→ WORK TO COMPLETE: Take the lines from the one containing "Comoda TV, Avva" through the end of the material and write them out exactly, omitting pictures.

→ DATA BELOW:
****
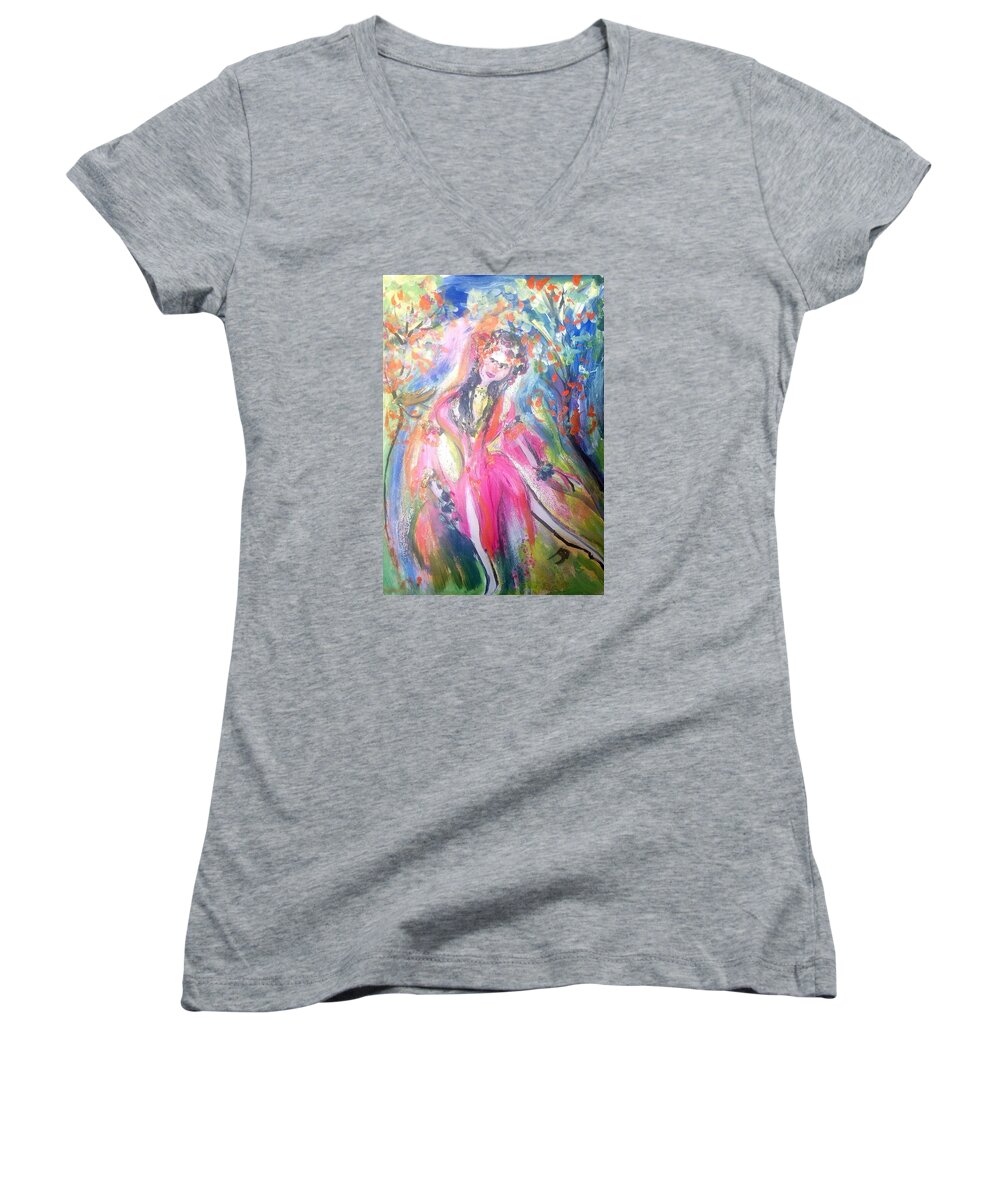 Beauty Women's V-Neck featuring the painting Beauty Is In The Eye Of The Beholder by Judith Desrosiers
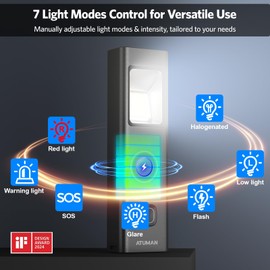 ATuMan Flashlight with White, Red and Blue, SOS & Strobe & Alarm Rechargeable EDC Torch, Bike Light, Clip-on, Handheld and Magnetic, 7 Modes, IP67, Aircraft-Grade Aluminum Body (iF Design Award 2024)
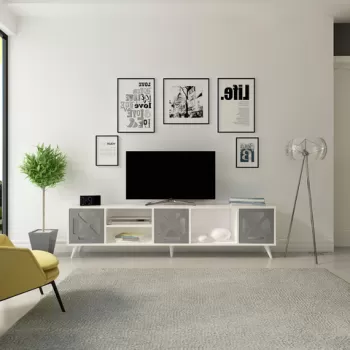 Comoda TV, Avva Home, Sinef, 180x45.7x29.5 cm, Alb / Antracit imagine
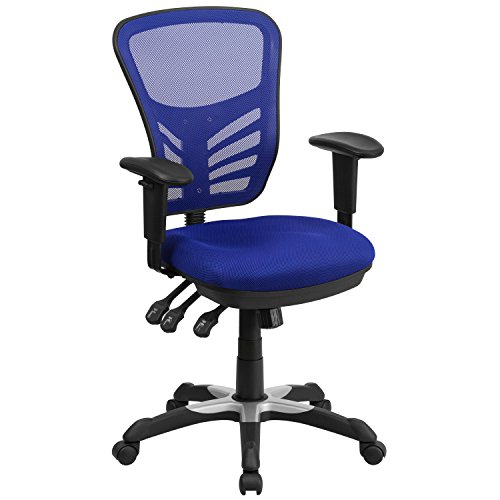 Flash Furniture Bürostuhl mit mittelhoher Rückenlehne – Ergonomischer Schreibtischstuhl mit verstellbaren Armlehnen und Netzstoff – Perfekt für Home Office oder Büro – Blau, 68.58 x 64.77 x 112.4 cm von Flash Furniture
****
→ RESPONSE TO THIS EXERCISE:
 Comoda TV, Avva Home, Sinef, 180x45.7x29.5 cm, Alb / Antracit imagine
 Flash Furniture Bürostuhl mit mittelhoher Rückenlehne – Ergonomischer Schreibtischstuhl mit verstellbaren Armlehnen und Netzstoff – Perfekt für Home Office oder Büro – Blau, 68.58 x 64.77 x 112.4 cm von Flash Furniture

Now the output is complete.